Check if a cell is a YAML frontmatter cell.


source

is_visible_code


def is_visible_code(
    cell:dict, # Notebook cell dict
    is_quarto:bool=False, # Whether the notebook is a Quarto doc
)->bool:

Check if a code cell should be included in output.


source

extract_notebook_content


def extract_notebook_content(
    content:str, # Raw Jupyter notebook JSON string
    is_quarto:bool=False, # Whether the notebook is a Quarto doc
)->str:

Extract visible markdown and code content from a Jupyter notebook.


source

remove_metadata


def remove_metadata(
    content:str
)->str:

Remove frontmatter from content

Content Checks

Functions for validating SEO-relevant content lengths for titles, descriptions, and body text.


source

check_content_length


def check_content_length(
    content:str, # Page body content
)->dict:

Check if page content has sufficient word count for SEO.


source

check_desc_length


def check_desc_length(
    description:str, # Meta description to check
    min_len:int=150, # Minimum optimal length
    max_len:int=160, # Maximum optimal length
)->dict:

Check if a meta description length is optimal for SEO.


source

check_title_length


def check_title_length(
    title:str, # Page title to check
    min_len:int=50, # Minimum optimal length
    max_len:int=60, # Maximum optimal length
)->dict:

Check if a page title length is optimal for SEO.


source

check_length


def check_length(
    text:str, # Text to check
    min_len:int, # Minimum optimal length
    max_len:int, # Maximum optimal length
)->dict:

Check if text length falls within the optimal range.

Content Extraction

Functions for extracting headers, links, and images from markdown and HTML content.


source

extract_headers


def extract_headers(
    file_path:str, # Path to markdown file
)->list:

Extract all headers with their level, line number, content, and length.

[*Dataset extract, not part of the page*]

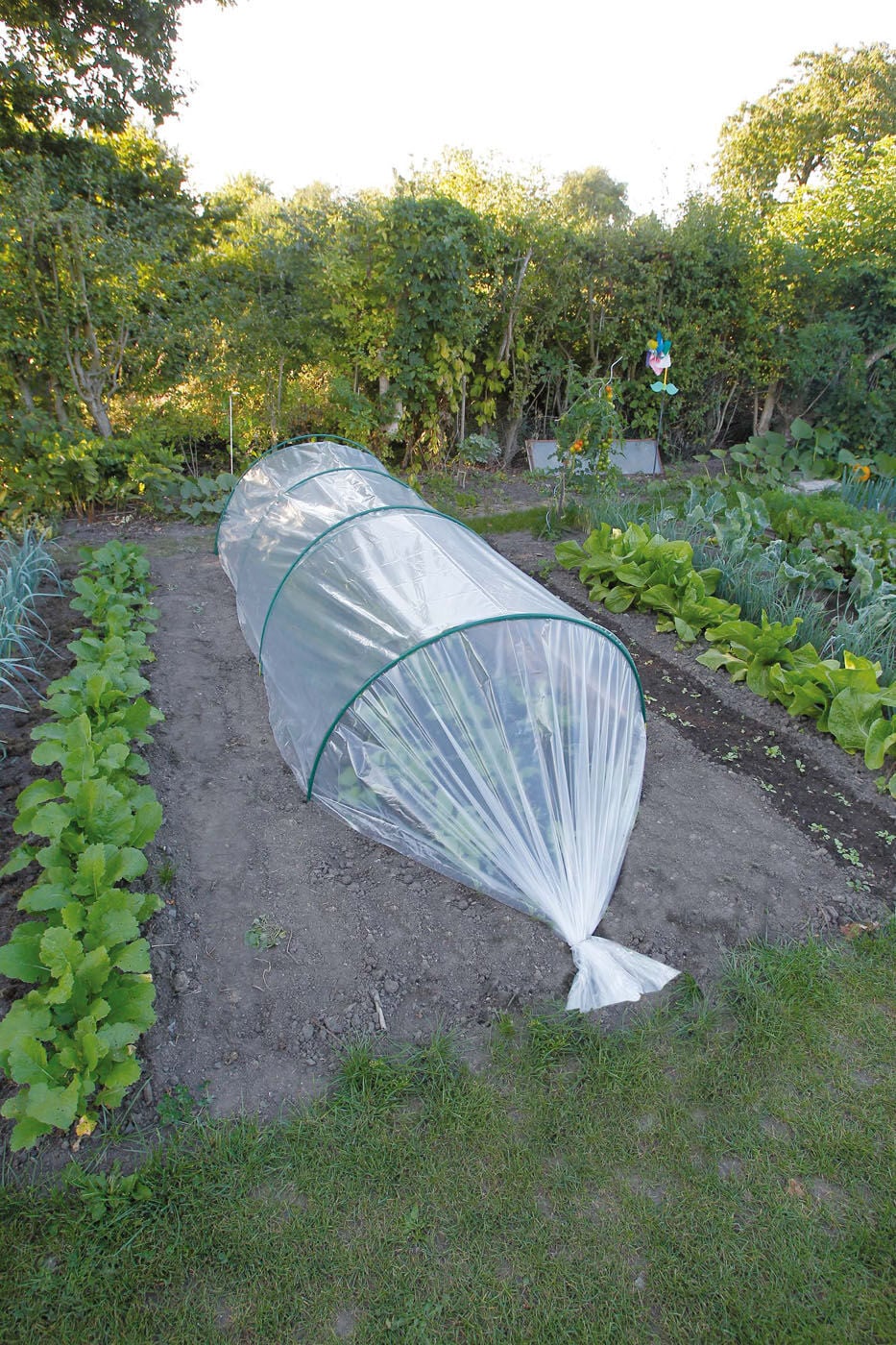 Nature Groeifolie Transparant - Plantbescherming - 40x1000x4 cm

headers = extract_headers(str(sample_dir / "example.md"))
test_eq(len([h for h in headers if h["type"] == "h1"]), 2)
test_eq(headers[0]["content"], "This is me Kareem")

source

extract_images


def extract_images(
    content:str, # Markdown or HTML content
)->list:

Extract images with alt text from markdown and HTML.


source

imgs_missing_alts


def imgs_missing_alts(
    images:list, # List of image dicts from [`extract_images`](https://abdelkareemkobo.github.io/seo_rat/content_parser.html#extract_images)
)->list:

Return URLs of images missing alt text.

images = extract_images(content)
test_eq(len(images), 1)
test_eq(images[0]["alt_text"], "Iron man photo")

Text Utilities

General-purpose text normalization and analysis helpers.


source

normalize_text


def normalize_text(
    text:str, # Text to normalize
)->str:

Normalize text by collapsing extra whitespace.


source

detect_phone_numbers


def detect_phone_numbers(
    text:str, # Text to search
)->list:

Extract phone numbers from text.

phones = detect_phone_numbers(content)
test_eq("+966503139675" in phones, True)

source

calculate_similarity


def calculate_similarity(
    text1:str, # First text
    text2:str, # Second text
)->float:

Calculate similarity ratio between two texts using SequenceMatcher.

File Utilities

Helpers for finding and reading markdown and notebook files.


source

get_file_paths


def get_file_paths(
    pattern:str, # Glob pattern (e.g. '**/*.md')
)->list:

Get file paths matching a glob pattern.


source

get_file_name


def get_file_name(
    file_path:str, # Path to file
)->str:

Extract filename without extension from a path.


source

get_page_content


def get_page_content(
    file_path:str, # Path to markdown or notebook file
    is_quarto:bool=False, # Whether the notebook is a Quarto doc
)->str:

Read a file and return its text content, stripping frontmatter.


source

get_markdown_files


def get_markdown_files(
    directory:str, # Directory to search
)->list:

Get all markdown filenames (without extension) from a directory.

Arabic Slug Utilities

Helpers for converting Arabic filenames to URL-friendly slugs.


source

arabic_to_slug


def arabic_to_slug(
    text:str, # Arabic text to convert
)->str:

Convert Arabic text to a URL-friendly slug.


source

map_files_to_slugs


def map_files_to_slugs(
    directory:str, # Directory containing Arabic markdown files
)->dict:

Map markdown filenames to their URL slugs.